We will present two technically similar but conceptually different methods, with some pros and cons, of performing this important task. The first could be compared to a “push” technology; that is, the machine that wants to log its data on an outside machine will actually force data to go on the other side. The second method will use a “pull” technology, since the remote client will try to retrieve the logs from the desired machine.


Since our solutions use the standard syslog facilities to grab messages, you need a syslog dæmon that supports logging output to named pipes. Most recent syslog dæmons have this (check the man page for support, or try it directly). It is very important that you have a syslogd that opens pipes in non-blocking mode.

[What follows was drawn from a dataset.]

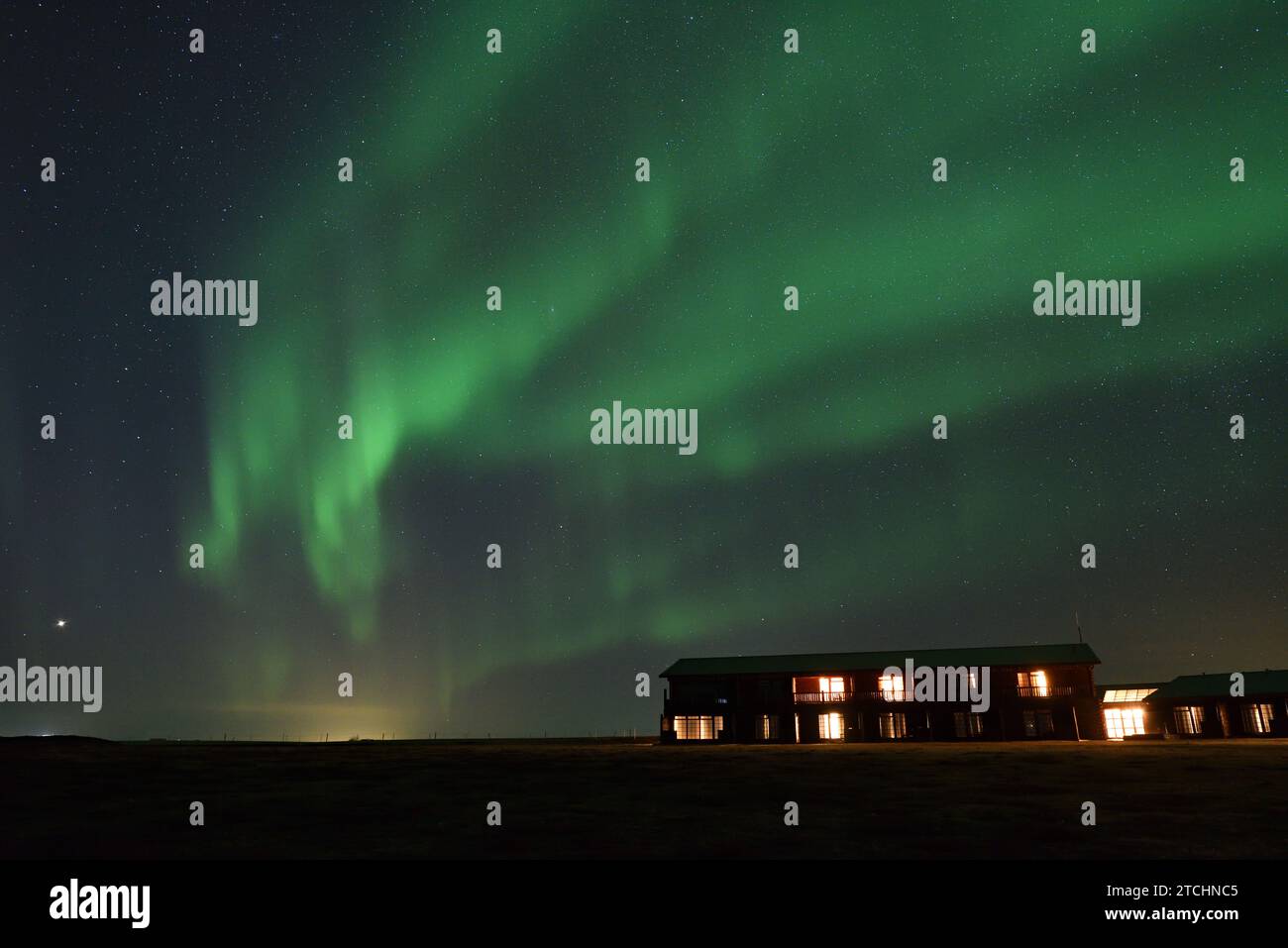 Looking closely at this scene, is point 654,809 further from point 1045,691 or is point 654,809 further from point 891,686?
→ point 1045,691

Older syslogs used to open the pipes in blocking mode, so if the named pipe was full (in our context, for example, if the connection had been broken for some time), then the whole syslog process stopped while waiting for the pipe to have some space available. This, of course, could have dramatic consequences, since all the logging, not just the remote one, would have been compromised. As a practical test to see whether your syslogd is handling pipes correctly, configure the whole system, then try writing in the pipe until it reaches the maximum dimension, usually 4KB. When the connection is down, check whether syslog is still logging something or if it seems to be frozen. Anyway, we suggest getting the latest version you can find (which should correct other bugs as well) and installing it on your system (at the moment, the latest version is 1.3-31). The more advanced syslog-ng package should work as well with our solution. Apart from this, you will need a Perl interpreter, the tail command from the textutils package, and of course, the secure shell package.

The First Solution

The theory behind this “push” solution is quite straightforward. A Perl script will run in the background, and will connect (using ssh) to the host where we wish to keep the copy of the logs. The Perl script will then monitor a named pipe we will create, and send anything it will get from the pipe over the secure connection to the other side, where we will put everything in a file. Instructing syslog to send the desired logging events to our named pipe will make the work complete.

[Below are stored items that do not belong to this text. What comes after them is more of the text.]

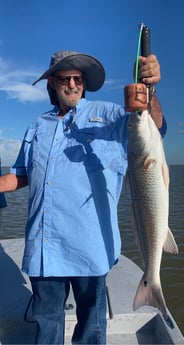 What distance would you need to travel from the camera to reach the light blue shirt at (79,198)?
10.1 ft

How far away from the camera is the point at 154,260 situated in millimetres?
2957

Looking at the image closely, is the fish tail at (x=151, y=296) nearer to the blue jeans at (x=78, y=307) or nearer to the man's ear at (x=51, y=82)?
the blue jeans at (x=78, y=307)

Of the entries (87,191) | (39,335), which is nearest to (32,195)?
(87,191)

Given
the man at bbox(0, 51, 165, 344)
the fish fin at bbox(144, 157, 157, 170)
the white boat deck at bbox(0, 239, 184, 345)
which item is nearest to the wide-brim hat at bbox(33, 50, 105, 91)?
the man at bbox(0, 51, 165, 344)

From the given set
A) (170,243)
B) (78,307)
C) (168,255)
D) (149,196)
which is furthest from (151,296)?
(168,255)

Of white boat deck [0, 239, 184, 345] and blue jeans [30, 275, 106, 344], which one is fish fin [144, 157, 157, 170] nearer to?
blue jeans [30, 275, 106, 344]

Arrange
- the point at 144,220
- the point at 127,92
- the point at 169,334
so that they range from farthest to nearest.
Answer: the point at 169,334, the point at 144,220, the point at 127,92

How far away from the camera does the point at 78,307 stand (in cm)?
329

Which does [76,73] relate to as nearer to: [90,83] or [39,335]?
[90,83]

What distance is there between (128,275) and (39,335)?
216 cm

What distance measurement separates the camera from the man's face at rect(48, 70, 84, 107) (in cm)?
327

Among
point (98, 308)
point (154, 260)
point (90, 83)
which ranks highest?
point (90, 83)

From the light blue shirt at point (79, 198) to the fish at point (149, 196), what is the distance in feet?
0.83

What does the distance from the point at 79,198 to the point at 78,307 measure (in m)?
0.97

The Glue: the First Perl Script

Let's give a brief technical description of the source code (see Listing1). Once started, the script will open a local log (defined in $local_log) to report failures (this can be disabled by undefining the variable), then it will try to connect to the remote host (defined in $host). The connection subroutine opens the ssh command to the remote side, specifying the user name to be used, whether to use compression and to establish a quiet connection. As you can see, ssh will ask the remote end to execute a cat of a given file, so everything will be stored there for further use. Once connected, the script will open the local named pipe we created, then forward everything to the other side, where the cat command will store it. Of course, if the secure connection should die for some reason (technically, if the print on the file handle should fail), the script will try to establish the connection again.

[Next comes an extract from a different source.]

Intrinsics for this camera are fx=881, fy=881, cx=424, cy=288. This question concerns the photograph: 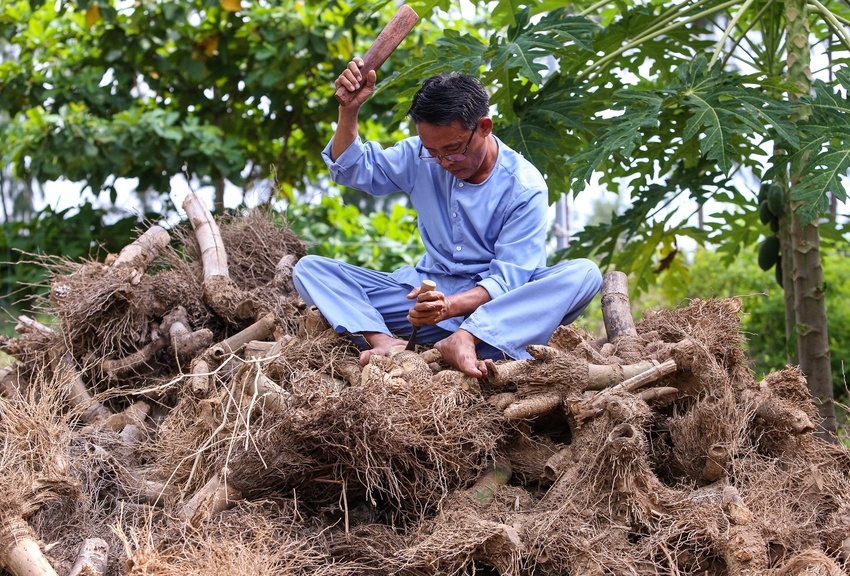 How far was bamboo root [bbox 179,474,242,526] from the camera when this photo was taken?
263 cm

As a last feature, the script will send a timestamp each defined time interval to the other end, which could be useful for tracking down when the last message actually came from the host if something serious has happened. In fact, the script can detect that the connection went down each time it sends something over the network. By sending a timestamp to the FIFO (i.e., first-in/first-out pipe), it will automatically trigger the check that the connection is alive at that moment.

Listing 1

Configuring ssh on Server and Client Side

Even if this should look like the easier step to accomplish, there are a few things you must pay attention to, so that an intruder, who has discovered the remote logging facility, won't be able to use it as a way to break in to the logger machine. First of all, you must generate your key pair on the network machine from which you're sending the logs by using the ssh-keygen utility. You do not have to set a password (just press return twice at the prompt) to this pair of keys (that should be used just for the logging program), so the script will not have to prompt you for it each time it starts.

With ssh2, you'll have to specify that you're going to use this newly created private key as a possible key to identify yourself. Add it to your ~/.ssh2/identification file by adding a new line with the IdKey statement, followed by the key name. (Alternatively, you could force this on the command line to ssh in the script.) Now, you'll have to transfer the public key to the system where you're going to store the logs, and add it to that user's authorized key file. (Usually ~/.ssh/authorized_keys in ssh1, where each line contains a key. In ssh2, copy the key to your ~/.ssh2 directory, then add an entry to your authorization file, ~/.ssh2/authorization by default, in the usual syntax Key key_filename.) This instructs sshd on that machine to authenticate anyone using the private key that couples with that public key without further checks.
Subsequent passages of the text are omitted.